Systems Programming with Nim

Nim is a statically typed compiled systems programming language. I’ve seen a few posts about Nim popping up on HackerNews recently and was curious enough to give it a go.

My go-to tool / application to implement when trying out a new language these days is a simple CLI tool.

Recently I had a go at trying Rust – creating fstojson-rust. Sticking to systems programming languages, Nim came up next.

Here are the things I initially liked about Nim:

  • Statically typed, compiled language.
  • The Nim compiler and generated executables work on all the major operating systems. i.e. Linux, macOS, Windows, BSD.
  • Lots of documentation and tutorials.
  • An online Playground.
Some Nim code in my IDE
Getting started with Nim

Getting Started With Nim

Installation is really simple regardless of your OS. On macOS I chose to run the choosenim installation script. (Remember, always check and inspect scripts that you cURL / run directly from online sources):

curl https://nim-lang.org/choosenim/init.sh -sSf | sh

You can also download pre-built binaries for your OS at the main Nim Download page, or use a myriad of other methods to get it running such as Homebrew, Docker images, etc…
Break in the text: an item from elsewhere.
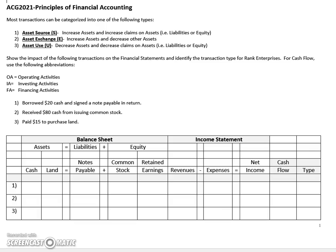In this video we're going to take a look at how certain transactions impact the basic accounting equation. Keep in mind that the basic accounting equation consists of assets equals liabilities plus equity. Every time we examine a transaction we're going to want to make sure that the accounting equation remains true, which means that any time we impact one side of the equation we're going to have to impact the other side of the equation equally.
Nimble is a package manager that is bundled with Nim (since version 0.15.0). It is very similar in what it does as what npm does for node for example.
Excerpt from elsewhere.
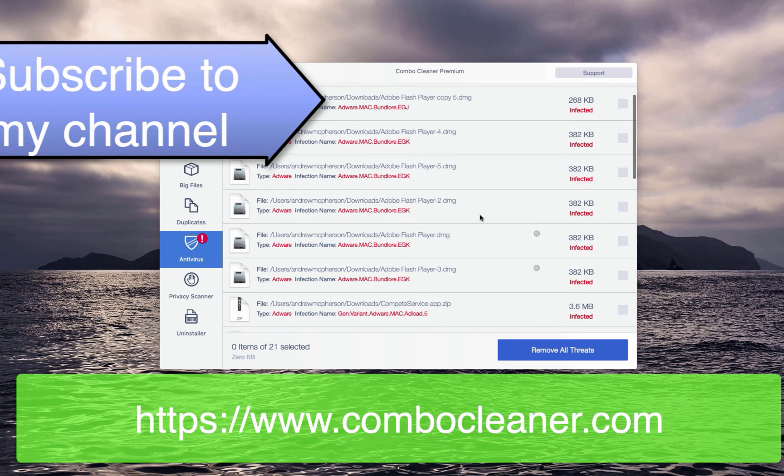Or you may do it automatically, however, only with the premium version of the program.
If you wanted to upgrade nimble itself, you can simply do:

nimble install nimble

Just like an npm update!

To create a new project, you can use the init command. An interactive CLI wizard guides you through creating a Library, Binary, or Hybrid project type.

nimble init [pkgname]
nimble init guide for new projects

A Nim project can use a .nimble file, which is equivalent to package.json in the Node.js world. Nimble is used to work with the project’s .nimble file.

To check the validity of your project and dependencies, you can run the check command:

nimble check

Then to install a new package you use the install command with nimble (the default is to install latest, but you can also install a specific version of a package, e.g. one from a git repository):

$ nimble install package@#head

Getting Acquainted with Nim

I started off with a really simple program that simply reads from stdin and then echos back a message.

echo "What's your name? "
var name: string = readLine(stdin)
echo "Hi, ", name, "!"

Building and running locally is simple. You can run nimble build or nimble install. The build command will create a debug version of your program which includes stack traces, while install will create a release version.
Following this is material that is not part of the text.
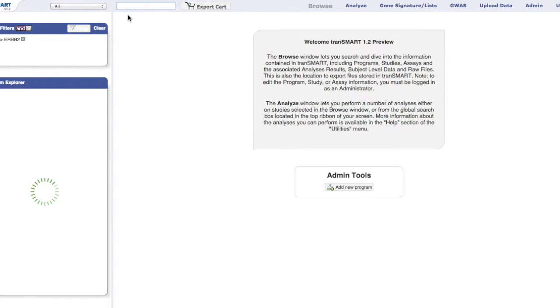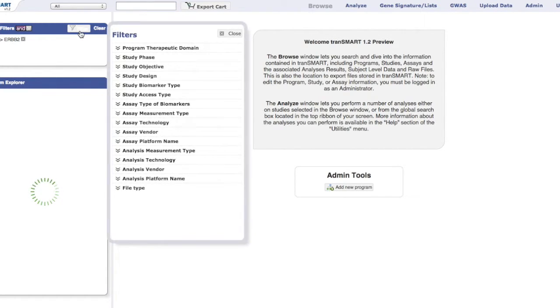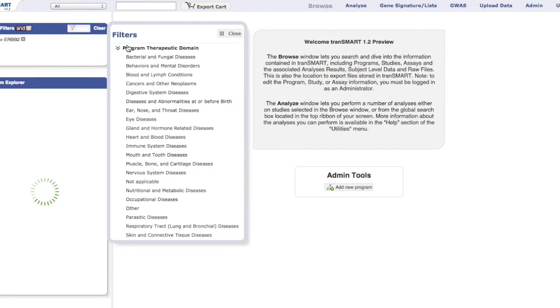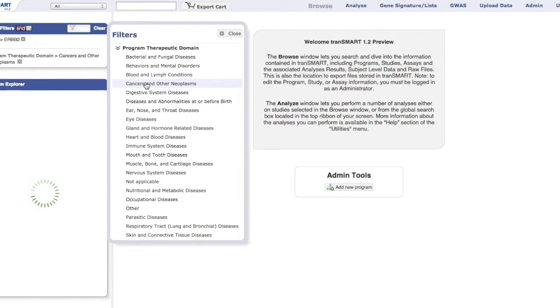Once the selection has been chosen, for example, the ERBB2 gene, it will appear on the active filters box. More filters can be added through this method, or by clicking on the filter button. For example, adding a specific program therapeutics domain.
You can also pass Nim flags to these commands, though for anything permanent you can add a configuration file and specify them there.

You use nimble run to build and run your program in one go.

There are many more command options available for nimble. Just run the command without anything else to access the list.

fstojson-nim

Next, I jumped into writing my go-to application for traversing the file system and collecting directory and files in a designated path to output to a JSON hierarchy.

You can take a look at my code in GitHub.

My overall experience was that I found Nim to be a lot more foregiving in terms of safety checks and recursive functions than what Rust was.

I was able to use a single function (in Nim these are called procedures and are defined with the proc keyword), which could recursively call itself for traversing a nested directory hierarchy.

I created a simple object (PathObjectNode) which would store the information about each file or directory, with a children property that is used to hold a list (seq) of more PathObjectNode objects if they object is a directory (files of course do not have children).

A single hierarchy is created at the start of traversal and all directory or file object nodes are added to this.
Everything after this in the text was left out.